The Most Important Question for Graduates – Trevor Nashleanas

It’s graduation season. Seniors everywhere are being asked the same predictable—often anxiety-inducing—questions.

What are your plans after graduation? What college or degree program will you be enrolling in? Where will you be working when you graduate? Where will you be living? What do you hope to do with your degree?

There’s nothing wrong with these questions. They’re important. But they’re not the most important question. In fact, the most important question is sadly one most graduating seniors aren’t asked.

Most Important Thing

In 1 Timothy, Paul writes to Timothy, a young man who has just stepped into his first pastorate at the thriving and well-known church in Ephesus. Throughout the letter, Paul warns against false teachers, emphasizes the supremacy of the gospel and its implications for the church, and establishes clear expectations for the offices of elder and deacon. Then, in chapter 4, he gets personal.

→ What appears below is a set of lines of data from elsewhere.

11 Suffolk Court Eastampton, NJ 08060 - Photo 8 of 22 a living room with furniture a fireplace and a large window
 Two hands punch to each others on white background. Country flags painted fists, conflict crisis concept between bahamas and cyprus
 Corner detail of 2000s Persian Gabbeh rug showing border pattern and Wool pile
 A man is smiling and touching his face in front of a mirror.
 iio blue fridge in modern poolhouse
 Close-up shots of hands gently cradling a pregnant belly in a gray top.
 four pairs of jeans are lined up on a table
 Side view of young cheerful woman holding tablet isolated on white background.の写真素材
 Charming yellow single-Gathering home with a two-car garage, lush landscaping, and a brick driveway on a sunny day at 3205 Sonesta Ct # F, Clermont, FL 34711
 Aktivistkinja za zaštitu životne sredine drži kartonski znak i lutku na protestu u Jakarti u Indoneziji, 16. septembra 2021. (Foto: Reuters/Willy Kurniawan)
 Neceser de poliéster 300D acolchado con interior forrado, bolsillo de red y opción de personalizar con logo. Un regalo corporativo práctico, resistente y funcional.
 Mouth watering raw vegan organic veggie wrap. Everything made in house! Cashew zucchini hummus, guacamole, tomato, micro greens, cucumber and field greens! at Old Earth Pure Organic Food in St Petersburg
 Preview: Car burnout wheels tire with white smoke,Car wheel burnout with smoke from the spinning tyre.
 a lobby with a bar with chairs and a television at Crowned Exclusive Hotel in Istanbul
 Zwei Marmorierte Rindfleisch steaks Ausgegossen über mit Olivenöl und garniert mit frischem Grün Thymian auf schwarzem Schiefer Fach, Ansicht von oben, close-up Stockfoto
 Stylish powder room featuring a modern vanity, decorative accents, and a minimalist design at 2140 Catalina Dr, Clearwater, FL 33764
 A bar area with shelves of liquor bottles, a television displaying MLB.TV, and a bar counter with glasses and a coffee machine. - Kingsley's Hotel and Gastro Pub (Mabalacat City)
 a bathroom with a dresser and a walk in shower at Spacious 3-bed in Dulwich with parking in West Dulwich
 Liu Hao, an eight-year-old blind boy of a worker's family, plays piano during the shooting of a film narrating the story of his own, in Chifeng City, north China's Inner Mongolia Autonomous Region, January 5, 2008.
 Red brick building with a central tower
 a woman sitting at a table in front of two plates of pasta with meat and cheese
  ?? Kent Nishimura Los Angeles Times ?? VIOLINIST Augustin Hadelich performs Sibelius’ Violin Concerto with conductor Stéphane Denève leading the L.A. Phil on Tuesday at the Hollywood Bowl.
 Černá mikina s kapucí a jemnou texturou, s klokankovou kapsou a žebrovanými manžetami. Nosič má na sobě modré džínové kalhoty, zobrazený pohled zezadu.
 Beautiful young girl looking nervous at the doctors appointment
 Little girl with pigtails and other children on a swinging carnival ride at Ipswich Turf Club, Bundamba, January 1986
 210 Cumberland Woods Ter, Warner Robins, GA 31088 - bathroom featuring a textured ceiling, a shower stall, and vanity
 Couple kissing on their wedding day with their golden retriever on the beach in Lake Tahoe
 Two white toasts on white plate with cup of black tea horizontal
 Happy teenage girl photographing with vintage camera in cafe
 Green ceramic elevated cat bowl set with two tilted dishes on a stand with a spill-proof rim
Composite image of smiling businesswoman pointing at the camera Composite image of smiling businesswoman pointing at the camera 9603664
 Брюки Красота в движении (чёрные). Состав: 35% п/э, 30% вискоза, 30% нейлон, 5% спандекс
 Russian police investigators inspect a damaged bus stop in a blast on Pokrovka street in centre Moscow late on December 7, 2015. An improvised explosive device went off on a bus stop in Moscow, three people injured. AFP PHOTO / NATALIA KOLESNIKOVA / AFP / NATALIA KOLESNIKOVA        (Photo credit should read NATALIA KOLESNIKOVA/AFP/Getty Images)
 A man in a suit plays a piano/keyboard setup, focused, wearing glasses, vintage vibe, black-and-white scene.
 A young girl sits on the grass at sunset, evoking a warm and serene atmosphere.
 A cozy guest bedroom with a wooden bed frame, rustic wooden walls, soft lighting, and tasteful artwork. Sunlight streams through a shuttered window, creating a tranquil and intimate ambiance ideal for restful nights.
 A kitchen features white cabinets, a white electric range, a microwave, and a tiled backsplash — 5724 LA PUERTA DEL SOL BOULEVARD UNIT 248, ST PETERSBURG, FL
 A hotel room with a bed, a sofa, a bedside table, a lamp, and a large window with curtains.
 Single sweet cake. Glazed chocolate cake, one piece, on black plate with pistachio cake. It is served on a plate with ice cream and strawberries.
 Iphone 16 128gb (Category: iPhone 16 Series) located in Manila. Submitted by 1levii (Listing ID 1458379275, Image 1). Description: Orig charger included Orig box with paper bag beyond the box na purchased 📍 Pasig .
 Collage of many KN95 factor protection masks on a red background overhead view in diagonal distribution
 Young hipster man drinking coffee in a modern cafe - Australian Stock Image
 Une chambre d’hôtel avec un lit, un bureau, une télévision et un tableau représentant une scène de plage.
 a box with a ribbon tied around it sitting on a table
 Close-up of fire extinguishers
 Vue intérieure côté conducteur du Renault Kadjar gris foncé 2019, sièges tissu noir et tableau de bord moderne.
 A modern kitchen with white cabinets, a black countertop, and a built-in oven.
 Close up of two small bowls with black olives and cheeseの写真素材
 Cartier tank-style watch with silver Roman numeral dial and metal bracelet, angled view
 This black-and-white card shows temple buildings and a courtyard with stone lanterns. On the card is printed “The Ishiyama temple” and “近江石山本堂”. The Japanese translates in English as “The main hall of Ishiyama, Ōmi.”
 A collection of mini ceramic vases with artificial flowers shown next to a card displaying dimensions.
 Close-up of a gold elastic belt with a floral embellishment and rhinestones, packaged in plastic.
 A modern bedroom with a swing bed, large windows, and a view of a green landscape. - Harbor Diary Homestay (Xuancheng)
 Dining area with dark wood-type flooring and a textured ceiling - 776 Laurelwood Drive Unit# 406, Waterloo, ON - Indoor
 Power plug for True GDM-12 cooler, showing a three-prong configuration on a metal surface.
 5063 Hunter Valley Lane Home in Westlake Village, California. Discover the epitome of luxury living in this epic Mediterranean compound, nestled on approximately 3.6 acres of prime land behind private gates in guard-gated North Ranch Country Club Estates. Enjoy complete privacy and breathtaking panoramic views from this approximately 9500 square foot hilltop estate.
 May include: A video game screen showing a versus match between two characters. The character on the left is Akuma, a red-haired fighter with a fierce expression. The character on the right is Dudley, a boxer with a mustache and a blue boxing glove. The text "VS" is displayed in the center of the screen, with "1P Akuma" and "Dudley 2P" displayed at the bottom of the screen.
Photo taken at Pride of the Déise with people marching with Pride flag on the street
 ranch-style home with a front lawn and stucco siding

He shifts his attention to his expectations for Timothy as a person. Among other things, he exhorts Timothy to “train . . . for godliness” (v. 7), “set the believers an example” (v. 12), and “keep a close watch on [himself] and on the teaching” (v. 16).

Paul is not only concerned with what Timothy is doing; he’s concerned with who Timothy is becoming.

Paul is not only concerned with what Timothy is doing; he’s concerned with who Timothy is becoming.

It’s been said that you teach what you know, but you replicate what you are. Paul knows this, and he wants Timothy to know it too. He cares about the kind of person Timothy becomes because he knows that will ultimately influence what kind of people the Ephesians become.

Not Just for Pastors

Paul’s advice applies not just to pastors, but also to ordinary disciples. Paul tells the Galatian Christians he is “in the anguish of childbirth until Christ is formed in [them]” (Gal. 4:19). He tells the Colossian Christians his aim is to “present everyone mature in Christ” (Col. 1:28). He tells the Roman Christians that “in all things God works for the good of those who love him [so that they may] be conformed to the image of his Son” (Rom. 8:28–29, NIV).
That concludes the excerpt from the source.